日本小児科学会雑誌 Injury Alertより参照です
今回も実際の症例をチェックしておきましょう!
※「(→)」の記載は個人の感想です。
事例
年齢:1歳9ヶ月 性別:男児 体重:10kg 身長:90cm
(→乳児とは違い、自分で動き回り、自由にものを掴んだりしてしまう年齢)
原因対象物
木製の球体
(→丸いものは、喉を通りやすい形状です。)
臨床診断名
異物誤嚥・窒息・心肺停止・低酸素脳症・誤嚥性肺炎
周囲の状況
<周囲の状況>
自宅で母親と一緒に遊んでいた
病歴と経過
自宅の居間で母親と遊んでいた。
母親が目を離した隙に木製の球体を2個誤嚥した。
母親が慌てて1個は取り出したが、残りの1個は取り出せず、チアノーゼと意識障害を認めたため、救急要請した。
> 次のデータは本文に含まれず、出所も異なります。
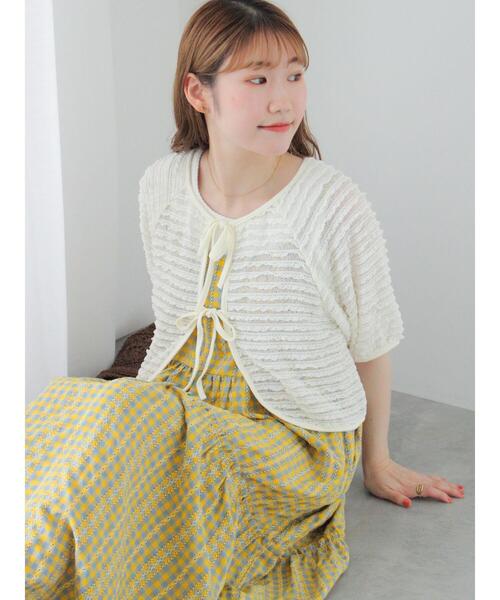 ehka sopo（エヘカソポ）の「フリルカットカーディガン（カーディガン/ボレロ・レディース・ブラック/サックスブルー/グリーン/キナリ・F）」の8枚目の写真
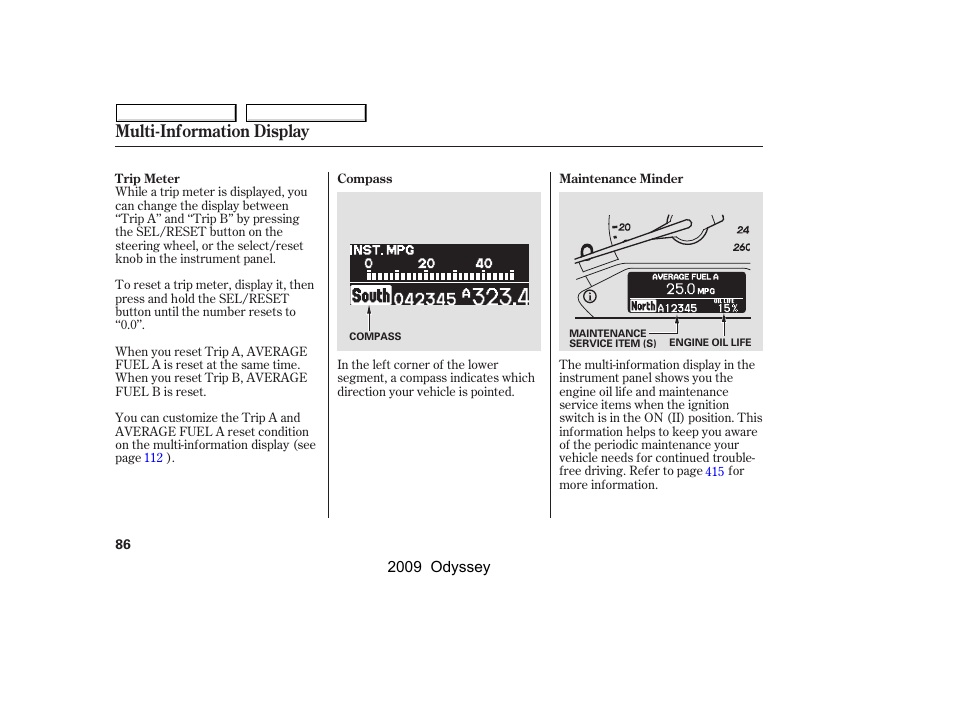 Multi-information display | HONDA 2009 Odyssey User Manual | Page 89 / 532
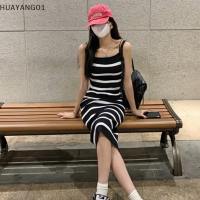 HUAYANG01 [2023 new HOT FASHION] lazlook เดรสมิดิรัดรูปลายทางสำหรับผู้หญิงเดรสมิดิรัดรูปสายเดี่ยวรัดรูปลายทางสีพื้น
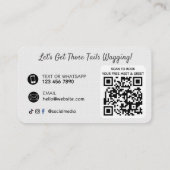 Carte de visite de promenade de chien avec code QR (Dos)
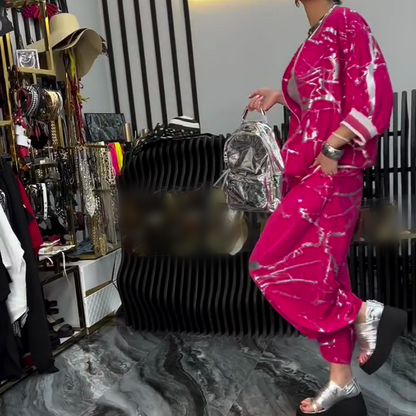 Losvallende 2-delige set voor dames: jasje en broek met elastische tailleband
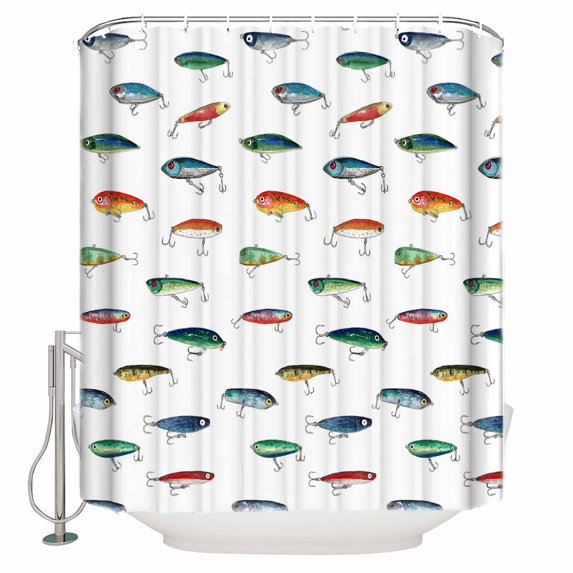 Colorful Fish Bathroom Shower Curtains with 12 Hooks Polyester Waterproof Shower Curtain for Stalls and Bathtubs Watercolor Cartoon Fishing Decorative Bathroom Privacy Curtain 66x72 Inches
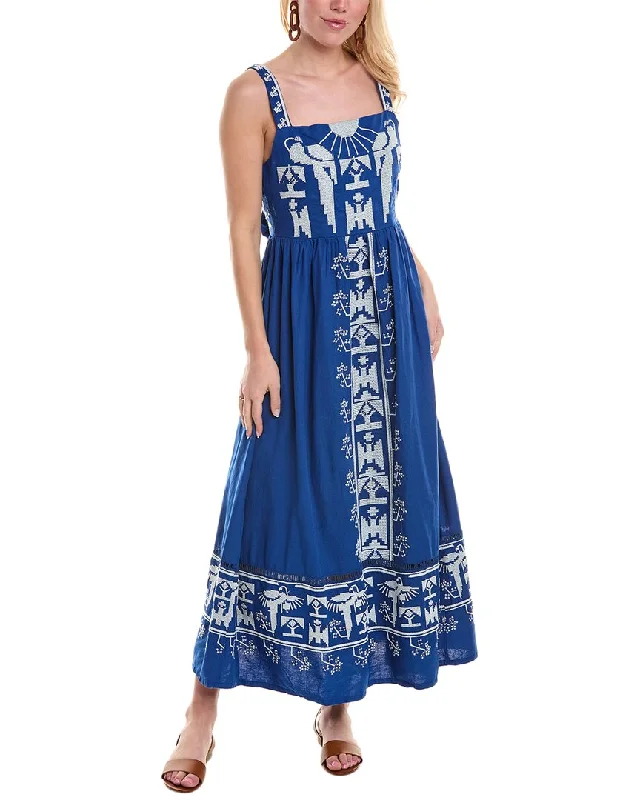 Modern Women's Outfit FARM Rio Embroidered Linen-Blend Maxi Dress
救急隊が到着時に自己心拍はあったが、搬送途中に心肺停止となり、救急隊が残りの1個を取り出して病院に到着した。
木製の球体は、直径が25mmのボールであった。

治療経過と予後
・病院到着時は心静止であり、気管挿管をして心肺蘇生を継続した。
・挿管後の波形確認で心拍再開を確認した。最大心肺停止時間は約9分間であった。
(→迅速な対応。数分間が予後を左右していたのでしょう。救命士が搬送中にボールのおもちゃを取り出せたことが、救命センターでの迅速な対応につながったのは間違いありません。)
・救命センターに入室し、人工呼吸管理・低体温療法を行った。低体温療法は48時間施行し、鎮静・鎮痛剤及び、ドパミンで循環動態を維持した。
・低体温療法終了後、鎮静剤を中止し、3日後に抜管した。
・誤嚥性肺炎に対して1週間、抗菌薬を使用した。
・脳波では、後頭葉に棘波を疑わせる所見があり、頭部MRIでは拡散強調画像で後頭葉に高信号を認めた。
・受傷から2週間後に小児科病棟に転棟した。嚥下訓練、リハビリを継続した。
・退院時には立位は可能になり、食事も以前と同様のものが食べられるようになった。
(→チーム医療が、良質な医療には必要不可欠。患者の生活の質を上げることのできるリハビリは、そのプロフェッショナルに依頼を。)